With $57.5 billion in annual revenue, Lockheed Martin (NYSE:LMT) is a gigantic defense company -- by some measures the world's largest pure-play defense contractor. And yet with an estimated total program cost of $1.5 trillion, equivalent to about 26 years of revenue at current run rates, it's probably not overstating the case to say that the F-35 Lightning II stealth fighter program will make or break Lockheed Martin (NYSE:LMT)

Lately, there seems to be a lot more "making" than "breaking" going on.

F-35 stealth fighter in flight

Image source: Getty Images.

Poland steps up

Take last week's news, for example. On September 11, 2019, the U.S. Defense Security Cooperation Agency informed Congress that the government of Poland would like to buy 32 "Conventional Take-Off and Landing" (CTOL) F-35A fighter jets from Lockheed. 

Poland, as the DSCA explains, is looking to replace its Soviet-era fleets of MiG-29 and Su-22 combat jets with new fifth-generation stealthy warbirds from the West, the better to "deter aggression in the region and ensure interoperability with U.S. forces."

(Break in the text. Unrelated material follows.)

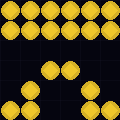 175.157.69.155
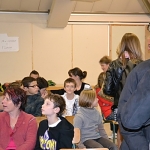 Assemblee_Generale_2012_Cis_Anould_04.JPG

In total, and including the cost of 32 F-135 engines from United Technologies to power the airplanes (and one spare engine), Poland's proposed purchase should be worth some $6.5 billion to Lockheed and UTC, with Lockheed winning the bulk of the money. At last report, F-35A fighters sold to the U.S. Air Force were going for about $89 million apiece, with the engine making up only about 8% of the sticker price. Poland's price -- closer to $203 million per plane -- will include not just the fighter jets per se, along with their engines, but also training systems, logistics support, spare parts, and a whole host of other ancillary items and services.

What the F-35 means to Lockheed Martin

Focusing on the portion of the purchase cost that would be going to Lockheed Martin -- presumably about $6 billion after subtracting 8% from the headline price to account for UTC's engines -- this single contract could account for more than 10% of the revenue Lockheed Martin collects in a year. But for Lockheed, this deal is even more significant than these numbers suggest.

Consider that when first awarded, pundits opined that Lockheed Martin's F-35 franchise would eventually be worth some $1 trillion to Lockheed over a period of 60 years, and account for roughly 50% of the company's annual sales. With analysts now valuing the program at closer to $1.5 trillion over its duration, the size and significance of the F-35 franchise has already grown by half. Key to this increase is the expanding size of the program, as F-35 prices come down and acceptance increases -- meaning an expanding list of nations that have signed on to buy it.

To date, more than a dozen nations around the world have expressed interest in acquiring the F-35. But at last report, only eight nations were actually operating the airplane. Poland could well become the ninth -- and it wasn't even on the list of countries interested in buying the F-35 a couple years ago! 

With only 425 F-35s built to date, Lockheed still has a long runway ahead of it, even if it only ends up building the 3,100 airplanes originally anticipated to be built and sold under the program. But as more and more nations sign up to buy the F-35 over time, this program could grow even larger.

Indeed, thanks to Poland, it already is.